How fitting, then, that Methuselah, that man of ancient days, gave up his son, in a way, when Lamech preceded him in death. Lamech is the least-lived antediluvian patriarch whose age we have on record: 777. Due to the high strength and vitality of the human race so close to creation, it is quite probable that Lamech gave his life as a martyr for the truth. Either way, his seemingly untimely death by its very timing served as solid proof for the coming judgment. The number seven in Scripture is both the number of Creation and Redemption. In the Sanctuary service it is most often associated with purification, cleansing and completion. In Leviticus 26, seven becomes the symbol of full retributive judgment against the sins of God’s rebellious, unrepentant people (vs 18, 21, 24, and 28). Thus, as time went on, the number of Lamech’s years came to tell the whole story of this world in a succinct snapshot of the everlasting gospel, and his life cast a foreshadowing of Christ’s. Lamech gave the world a comforter who ushered in the world’s baptism by water and its first real rest since the entrance of sin (5:28-29, 1 Peter 3:20-21). Jesus, through, and by virtue of His perfect and complete life and sacrifice brings forth the Comforter and the baptism of fire, and ultimate rest for a restless planet (John 14:16, 26, Luke 3:16, Matt 11:28, Rev 14:11,12).

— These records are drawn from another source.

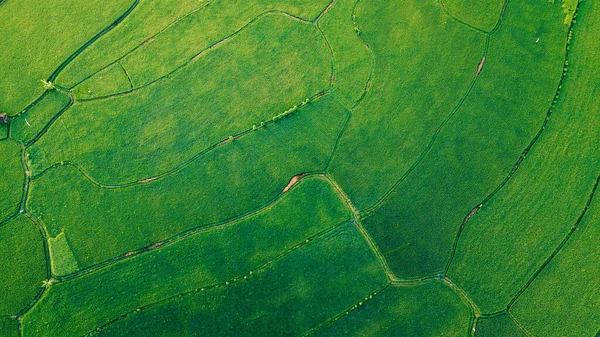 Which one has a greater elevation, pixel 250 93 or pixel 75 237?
pixel 250 93

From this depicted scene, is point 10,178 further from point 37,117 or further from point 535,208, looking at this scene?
point 535,208

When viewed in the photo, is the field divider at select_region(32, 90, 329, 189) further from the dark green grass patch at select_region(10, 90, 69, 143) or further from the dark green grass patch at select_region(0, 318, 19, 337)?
the dark green grass patch at select_region(0, 318, 19, 337)

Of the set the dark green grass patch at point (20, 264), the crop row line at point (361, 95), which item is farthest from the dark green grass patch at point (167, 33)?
the dark green grass patch at point (20, 264)

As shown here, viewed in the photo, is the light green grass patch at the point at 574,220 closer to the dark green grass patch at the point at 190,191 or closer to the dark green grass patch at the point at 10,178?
the dark green grass patch at the point at 190,191

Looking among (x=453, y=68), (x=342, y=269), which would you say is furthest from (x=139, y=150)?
(x=453, y=68)

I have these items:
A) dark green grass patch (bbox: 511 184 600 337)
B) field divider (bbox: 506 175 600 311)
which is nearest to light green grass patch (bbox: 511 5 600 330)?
dark green grass patch (bbox: 511 184 600 337)

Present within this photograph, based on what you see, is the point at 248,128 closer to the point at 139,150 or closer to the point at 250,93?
the point at 250,93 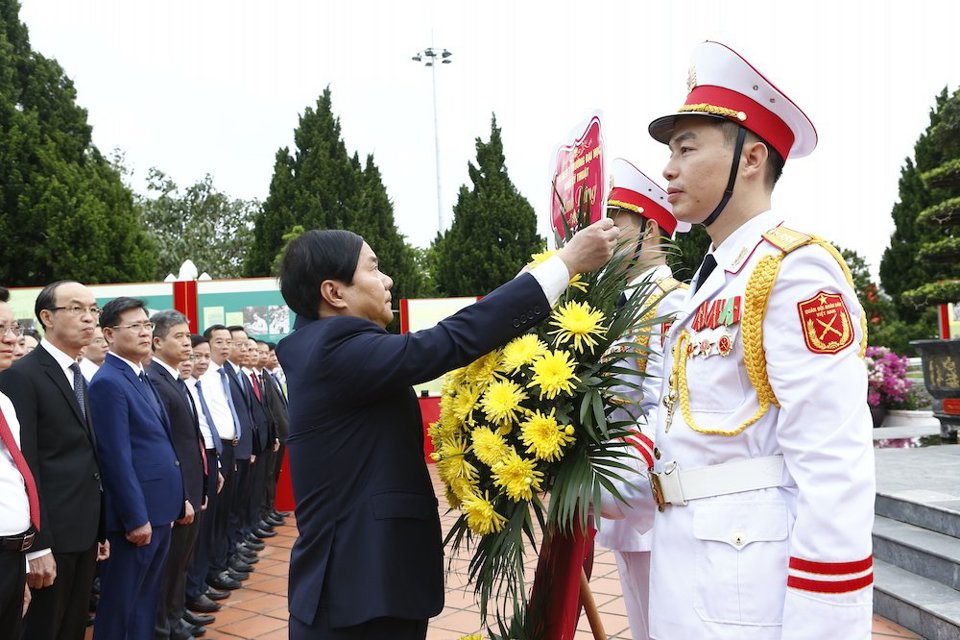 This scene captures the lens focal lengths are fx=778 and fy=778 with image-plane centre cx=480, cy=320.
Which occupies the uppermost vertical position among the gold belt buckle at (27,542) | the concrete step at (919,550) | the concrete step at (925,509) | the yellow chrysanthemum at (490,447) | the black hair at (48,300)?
the black hair at (48,300)

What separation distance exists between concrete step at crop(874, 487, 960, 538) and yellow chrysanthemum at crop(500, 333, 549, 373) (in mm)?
3016

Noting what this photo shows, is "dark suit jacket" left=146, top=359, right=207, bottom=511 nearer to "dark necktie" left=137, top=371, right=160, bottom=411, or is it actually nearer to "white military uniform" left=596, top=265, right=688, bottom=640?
"dark necktie" left=137, top=371, right=160, bottom=411

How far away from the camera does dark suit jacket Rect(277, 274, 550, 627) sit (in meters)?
1.73

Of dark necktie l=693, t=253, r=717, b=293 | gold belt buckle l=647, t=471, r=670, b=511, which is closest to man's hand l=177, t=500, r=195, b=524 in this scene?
gold belt buckle l=647, t=471, r=670, b=511

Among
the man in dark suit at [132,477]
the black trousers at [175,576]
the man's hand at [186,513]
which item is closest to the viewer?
the man in dark suit at [132,477]

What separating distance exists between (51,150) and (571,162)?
13.9m

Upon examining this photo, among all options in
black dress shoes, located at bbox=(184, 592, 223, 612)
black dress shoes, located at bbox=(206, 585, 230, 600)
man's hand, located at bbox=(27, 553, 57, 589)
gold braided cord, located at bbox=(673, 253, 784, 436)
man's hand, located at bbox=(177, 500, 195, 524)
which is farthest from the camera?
black dress shoes, located at bbox=(206, 585, 230, 600)

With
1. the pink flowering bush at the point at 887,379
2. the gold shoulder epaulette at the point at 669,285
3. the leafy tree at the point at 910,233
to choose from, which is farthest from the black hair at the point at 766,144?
the leafy tree at the point at 910,233

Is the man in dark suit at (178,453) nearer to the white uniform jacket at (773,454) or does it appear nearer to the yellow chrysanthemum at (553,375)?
the yellow chrysanthemum at (553,375)

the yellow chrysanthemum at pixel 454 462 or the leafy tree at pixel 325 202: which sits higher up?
the leafy tree at pixel 325 202

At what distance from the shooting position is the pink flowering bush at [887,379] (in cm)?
1106

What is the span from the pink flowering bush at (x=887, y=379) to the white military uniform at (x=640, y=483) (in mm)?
9993

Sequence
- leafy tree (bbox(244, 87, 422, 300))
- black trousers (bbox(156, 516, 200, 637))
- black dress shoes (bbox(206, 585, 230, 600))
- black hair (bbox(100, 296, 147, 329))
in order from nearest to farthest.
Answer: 1. black hair (bbox(100, 296, 147, 329))
2. black trousers (bbox(156, 516, 200, 637))
3. black dress shoes (bbox(206, 585, 230, 600))
4. leafy tree (bbox(244, 87, 422, 300))

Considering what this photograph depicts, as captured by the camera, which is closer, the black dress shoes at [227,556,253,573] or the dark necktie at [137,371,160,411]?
the dark necktie at [137,371,160,411] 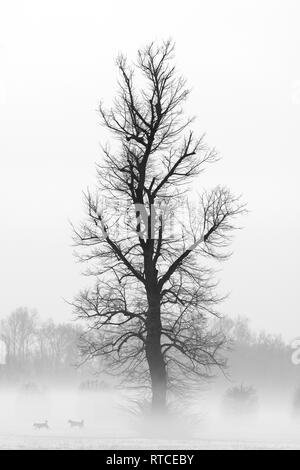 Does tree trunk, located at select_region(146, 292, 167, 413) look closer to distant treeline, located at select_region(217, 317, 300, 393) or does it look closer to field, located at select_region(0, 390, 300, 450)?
field, located at select_region(0, 390, 300, 450)

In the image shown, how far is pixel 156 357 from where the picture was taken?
23328 millimetres

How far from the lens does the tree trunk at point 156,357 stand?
23266 mm

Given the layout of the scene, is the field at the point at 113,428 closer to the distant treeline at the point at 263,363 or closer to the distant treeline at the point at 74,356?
the distant treeline at the point at 74,356

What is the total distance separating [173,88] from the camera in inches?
944

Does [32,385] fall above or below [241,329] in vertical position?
below

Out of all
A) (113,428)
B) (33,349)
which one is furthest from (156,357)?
(33,349)

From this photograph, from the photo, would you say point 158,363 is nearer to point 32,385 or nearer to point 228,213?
point 228,213

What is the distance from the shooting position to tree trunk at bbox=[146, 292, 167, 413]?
23266 mm

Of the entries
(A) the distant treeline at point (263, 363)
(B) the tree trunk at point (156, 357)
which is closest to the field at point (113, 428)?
(B) the tree trunk at point (156, 357)

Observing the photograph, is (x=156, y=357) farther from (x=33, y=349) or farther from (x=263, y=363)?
(x=33, y=349)

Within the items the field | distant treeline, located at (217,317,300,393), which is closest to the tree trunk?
the field

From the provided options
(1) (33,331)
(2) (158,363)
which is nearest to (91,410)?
(2) (158,363)

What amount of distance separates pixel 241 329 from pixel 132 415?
45.3 meters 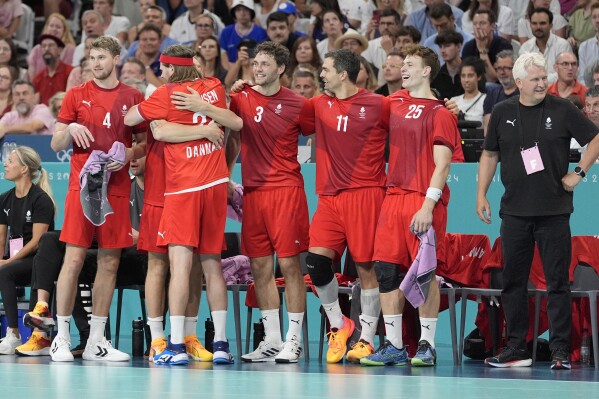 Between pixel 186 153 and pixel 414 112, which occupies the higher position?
pixel 414 112

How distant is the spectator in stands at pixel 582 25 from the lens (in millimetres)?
14500

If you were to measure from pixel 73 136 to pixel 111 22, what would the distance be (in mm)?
8125

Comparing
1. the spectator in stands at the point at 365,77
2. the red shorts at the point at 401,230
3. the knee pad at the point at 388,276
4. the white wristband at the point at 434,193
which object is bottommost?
the knee pad at the point at 388,276

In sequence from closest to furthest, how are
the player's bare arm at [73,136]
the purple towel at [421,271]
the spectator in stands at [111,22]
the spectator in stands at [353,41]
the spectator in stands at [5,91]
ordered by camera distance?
the purple towel at [421,271] → the player's bare arm at [73,136] → the spectator in stands at [353,41] → the spectator in stands at [5,91] → the spectator in stands at [111,22]

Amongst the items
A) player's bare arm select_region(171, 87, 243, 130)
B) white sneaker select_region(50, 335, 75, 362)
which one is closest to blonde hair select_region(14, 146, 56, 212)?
white sneaker select_region(50, 335, 75, 362)

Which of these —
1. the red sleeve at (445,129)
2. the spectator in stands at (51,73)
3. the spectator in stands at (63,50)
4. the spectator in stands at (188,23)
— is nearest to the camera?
the red sleeve at (445,129)

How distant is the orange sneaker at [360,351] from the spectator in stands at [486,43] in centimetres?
508

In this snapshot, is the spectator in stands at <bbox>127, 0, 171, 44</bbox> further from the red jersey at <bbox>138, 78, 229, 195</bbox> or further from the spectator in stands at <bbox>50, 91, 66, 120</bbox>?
the red jersey at <bbox>138, 78, 229, 195</bbox>

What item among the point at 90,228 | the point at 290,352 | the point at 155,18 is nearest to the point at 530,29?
the point at 155,18

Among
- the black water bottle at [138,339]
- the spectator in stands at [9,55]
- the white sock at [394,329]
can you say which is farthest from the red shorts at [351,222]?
the spectator in stands at [9,55]

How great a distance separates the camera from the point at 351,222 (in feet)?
31.1

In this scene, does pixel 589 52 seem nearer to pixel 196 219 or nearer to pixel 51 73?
pixel 196 219

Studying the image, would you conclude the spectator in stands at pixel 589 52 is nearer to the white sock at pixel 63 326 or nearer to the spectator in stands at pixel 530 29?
the spectator in stands at pixel 530 29

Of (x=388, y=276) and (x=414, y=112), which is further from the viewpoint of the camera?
(x=414, y=112)
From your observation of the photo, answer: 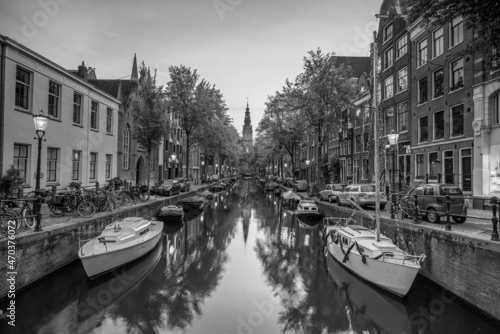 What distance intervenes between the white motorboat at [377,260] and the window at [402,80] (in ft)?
66.4

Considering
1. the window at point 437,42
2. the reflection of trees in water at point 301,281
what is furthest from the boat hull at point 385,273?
the window at point 437,42

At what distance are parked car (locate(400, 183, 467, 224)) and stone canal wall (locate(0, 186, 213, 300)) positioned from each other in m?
13.5

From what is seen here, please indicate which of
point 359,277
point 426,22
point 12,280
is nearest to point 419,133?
point 426,22

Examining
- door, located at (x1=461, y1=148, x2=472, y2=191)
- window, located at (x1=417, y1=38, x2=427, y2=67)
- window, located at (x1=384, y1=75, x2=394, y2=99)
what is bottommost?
door, located at (x1=461, y1=148, x2=472, y2=191)

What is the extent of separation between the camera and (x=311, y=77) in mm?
30016

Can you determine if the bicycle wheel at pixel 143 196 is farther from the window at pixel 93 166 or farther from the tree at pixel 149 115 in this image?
the window at pixel 93 166

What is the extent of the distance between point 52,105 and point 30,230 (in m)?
11.9

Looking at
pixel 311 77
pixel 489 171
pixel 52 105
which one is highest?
pixel 311 77

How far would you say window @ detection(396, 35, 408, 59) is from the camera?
89.2 ft

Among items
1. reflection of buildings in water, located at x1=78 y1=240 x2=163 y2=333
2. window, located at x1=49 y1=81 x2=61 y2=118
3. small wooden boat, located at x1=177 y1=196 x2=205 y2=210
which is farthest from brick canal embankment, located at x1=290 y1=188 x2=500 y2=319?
window, located at x1=49 y1=81 x2=61 y2=118

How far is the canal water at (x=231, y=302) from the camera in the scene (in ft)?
25.0

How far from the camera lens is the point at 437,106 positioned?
22234 millimetres

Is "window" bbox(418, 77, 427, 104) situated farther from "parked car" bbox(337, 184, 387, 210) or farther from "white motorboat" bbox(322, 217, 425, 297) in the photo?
"white motorboat" bbox(322, 217, 425, 297)

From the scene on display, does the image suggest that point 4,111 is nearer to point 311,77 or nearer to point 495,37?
point 495,37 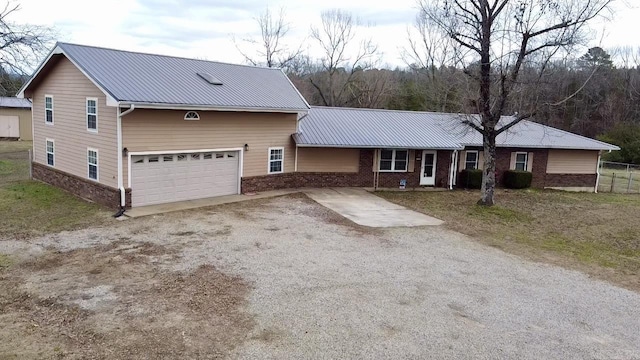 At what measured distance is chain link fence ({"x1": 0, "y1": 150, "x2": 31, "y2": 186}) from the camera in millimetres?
20812

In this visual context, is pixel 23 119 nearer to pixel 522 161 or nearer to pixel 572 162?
pixel 522 161

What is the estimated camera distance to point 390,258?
11.7 m

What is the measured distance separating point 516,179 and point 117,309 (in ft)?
72.4

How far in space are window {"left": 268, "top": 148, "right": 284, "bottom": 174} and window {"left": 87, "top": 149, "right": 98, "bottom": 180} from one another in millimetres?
6825

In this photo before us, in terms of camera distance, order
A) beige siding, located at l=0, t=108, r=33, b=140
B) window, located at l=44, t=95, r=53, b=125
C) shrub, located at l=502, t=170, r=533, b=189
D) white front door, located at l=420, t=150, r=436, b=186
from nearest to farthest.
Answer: window, located at l=44, t=95, r=53, b=125 → white front door, located at l=420, t=150, r=436, b=186 → shrub, located at l=502, t=170, r=533, b=189 → beige siding, located at l=0, t=108, r=33, b=140

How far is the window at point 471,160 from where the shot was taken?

If we reverse-engineer Genesis 5:30-31 further through the lens of the last book of the Bible, Lamech’s age of 777, compares and contrasts to the number 666, and corresponds to the triple warning of the three angels given right before Christ’s return and the destruction of the world by fire: Fear God and worship the Creator who made the heavens, earth and seas in six days and rested on the seventh, because the hour of his judgment has come to warn the people from their false worship before the coming torment of fire and brimstone (Rev 14:6-12).
One last solemn thought from these verses: the text says that “after he begat Noah [… Lamech] begat sons and daughters:” So, whatever happened to Noah’s brothers and sisters? Perhaps some of them, like their father, died in the faith before the flood came. The remainder of them must have perished in the flood. What a tragedy! Yet a similar choice is brought to us by the story of Lamech and the three angels’ messages. So what will it be? Like Methuselah and Lamech, are we not part of the final generations that are to see the coming of the Comforter and the baptism of fire with its resulting cleansing and rest?